BUT, I still want to know from all those against including the start date in AddWorkdays or Workdays where in the real world this concept comes from. What does the start date represent? Is it a start date or is it the date before the start date?
October 26, 2007 at 7:25 am
Michael Meierruth (10/26/2007)
Tomm Carr (10/25/2007)
BUT, I still want to know from all those against including the start date in AddWorkdays or Workdays where in the real world this concept comes from. What does the start date represent? Is it a start date or is it the date before the start date?
Just my personal opinion, I do not think the start date should be included. For example, lets say I am asked to submit a report, or some other office gargage, and I am given two days to do it. If my boss does not tell me until 4:55 on Monday, then is it fair to say it is due on Tuesday? Technically, if you only look at the dates I had two days to do it, but really I had only one day. That is why I like Jeff's function, because everyone has their own oppinion.
Greg
Greg
_________________________________________________________________________________________________
The glass is at one half capacity: nothing more, nothing less.
October 26, 2007 at 10:56 am
This is why I defined in an earlier posting that each date was to be considered the beginning of the work day. That way, if the date you are given is a Monday and you add one day to it, you arrive at Tuesday.

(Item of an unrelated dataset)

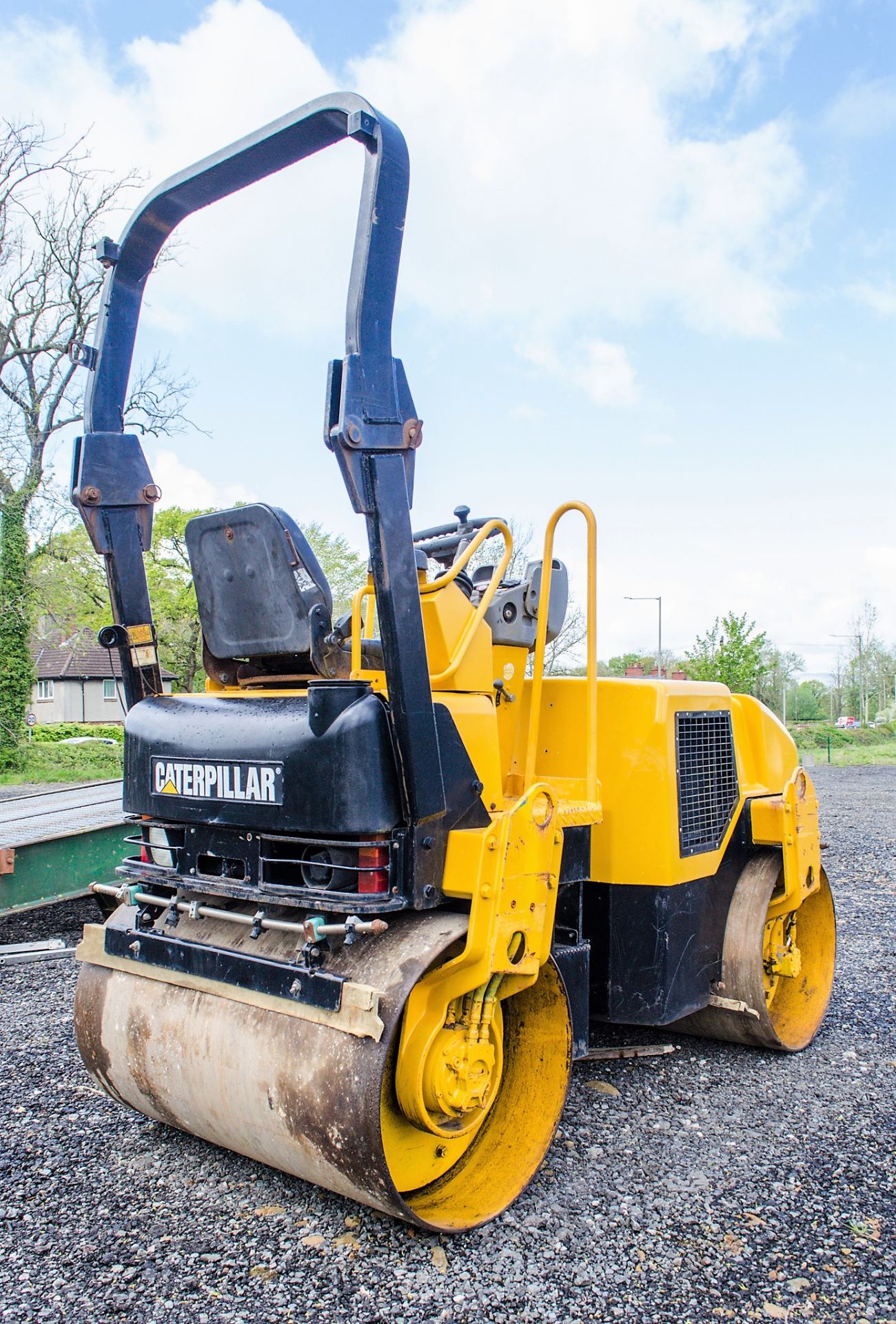 Caterpillar CB224 double drum ride on roller Year:2004 S/N: 2400506 Recorded Hours: 424 - Image 3 of 14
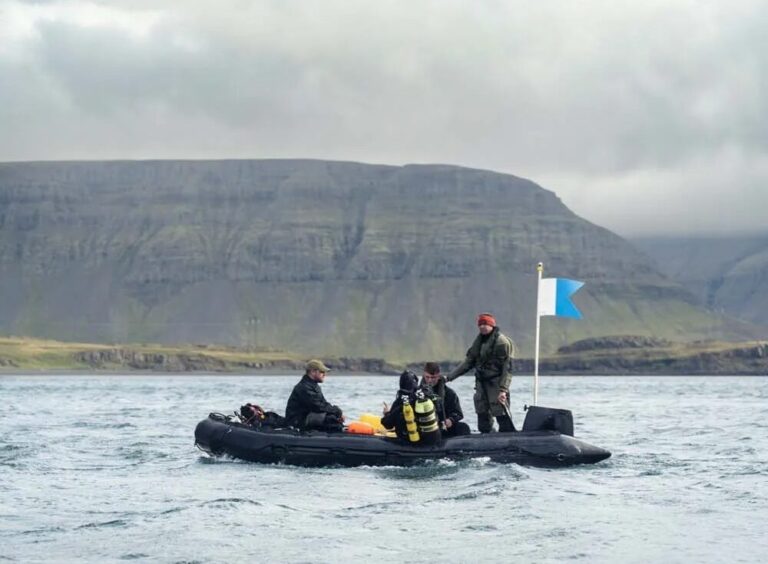 Military divers prepare for another exercise in Iceland (Royal Navy)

Thus the code arrives at the same answer we would arrive at standing in front of a calendar and adding manually.
If you want to consider the time of day into the calculations, this presents an entire gaggle of other problems. Then you have to define the time of the start of the work day and the duration of the work day. 9 to 5? 8 to 5? 7:30 to 4:30? What about other shifts? What about the shift that starts at 11PM and ends at 8AM the next day?
As it is, the time portion of the reference date is unchanged. So if adding two work days to Monday at 4:55PM the answer you get back is Wednesday at 4:55PM. This keeps it shift and duration independent and thus should work for any environment.
What is somewhat confusing is what exactly is meant by "count the start day." If you add one day to a date you should get the next day. Stipulating for a moment that a date represents the start of the day, then we are counting the start day. We are now at the start of the next day ready to "consume" that day.
If you say you want to add one work day to Monday and get Monday back as an answer, show me on a calendar how this makes sense.
Tomm Carr
--
Version Normal Form -- http://groups.google.com/group/vrdbms
October 26, 2007 at 11:20 am
Tomm Carr (10/26/2007)
If you say you want to add one work day to Monday and get Monday back as an answer, show me on a calendar how this makes sense.
If you want an answer to that, see my spec a few pages back. It makes sense out of adding a day to Monday that gives you Monday.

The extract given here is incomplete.